Somos una cultura isleña probadamente xenófila; parodiamos nuestras incapacidades como rutina mientras señorea el credo taíno de que todo lo extranjero es mejor, siempre que venga con ojos azules y rizos rubios. Nos venden como patio ideal para el lavado; como “jurisdicción paraíso” sin controles ni instituciones operantes y con patrones de vida corruptos, libertinos e indulgentes, donde el dinero lo compra todo.

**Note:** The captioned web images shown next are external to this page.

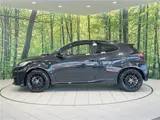 2022 Toyota GR Yaris RS Black Coupe for sale, Japanese used car export - photo 10 of 30 | GULJI TRADERS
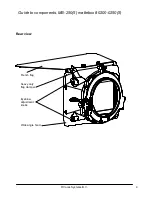 Preview for 4 page of Vocas MB-210 User Manual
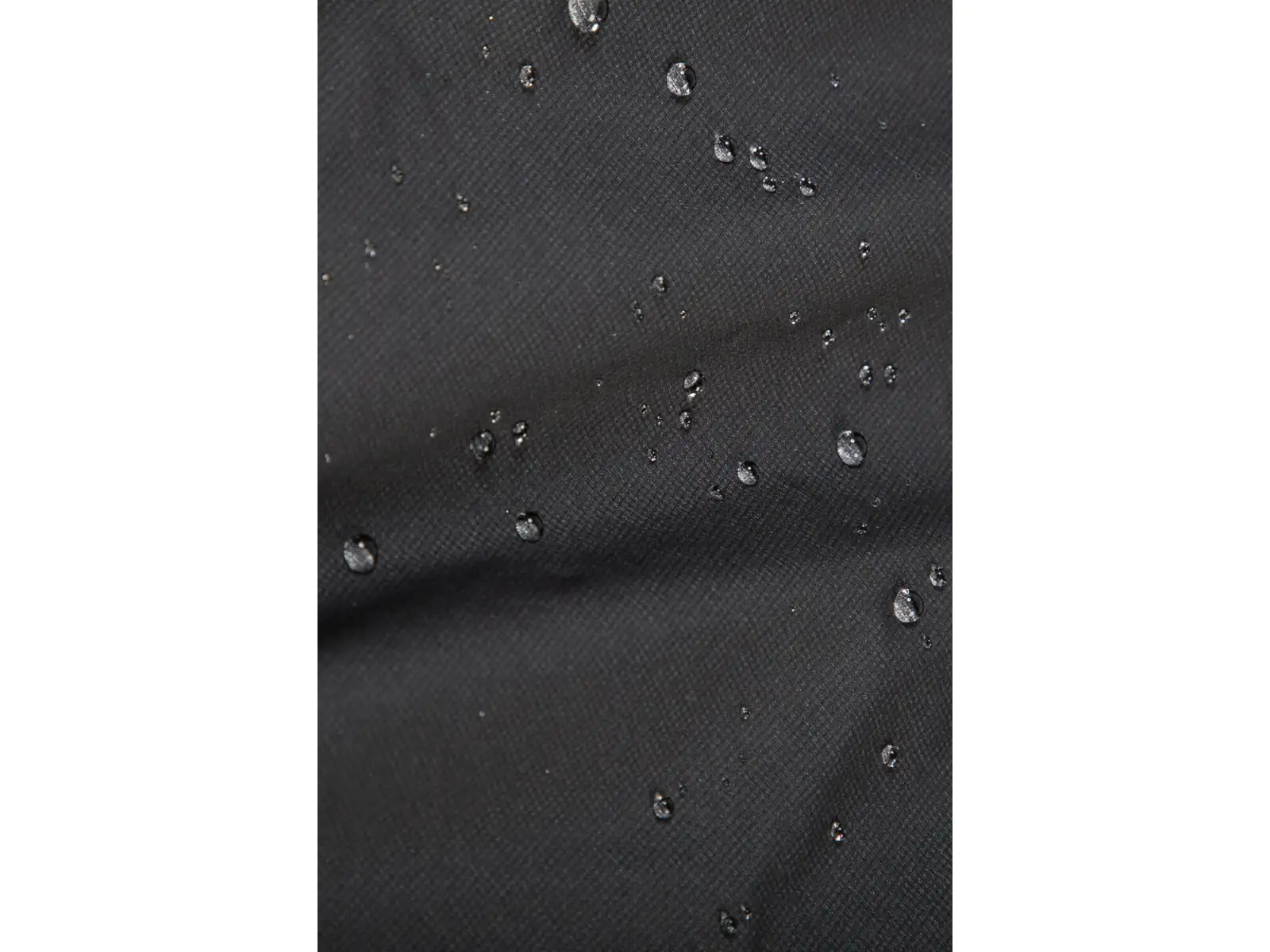 Endura Pro SL Waterproof Shell men's jacket Black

El Ministerio de Turismo en la década de los noventa afianzó esa percepción con la leyenda más sincera de la marca país: “Aquí me siento libre”; claro, la primitiva libertad para tentar todo lo que una sociedad ordenada niega. Hoy, la República Dominicana es refugio anónimo de truhanes, fugitivos de la justicia internacional, mafiosos, subjúdices, narcotraficantes, lavadores de capitales y proxenetas; en cambio, sufrimos deportaciones masivas cada año como inmigrantes. Contamos con una frontera más porosa que la esponja y una nación vecina tatuada ominosamente en nuestro destino.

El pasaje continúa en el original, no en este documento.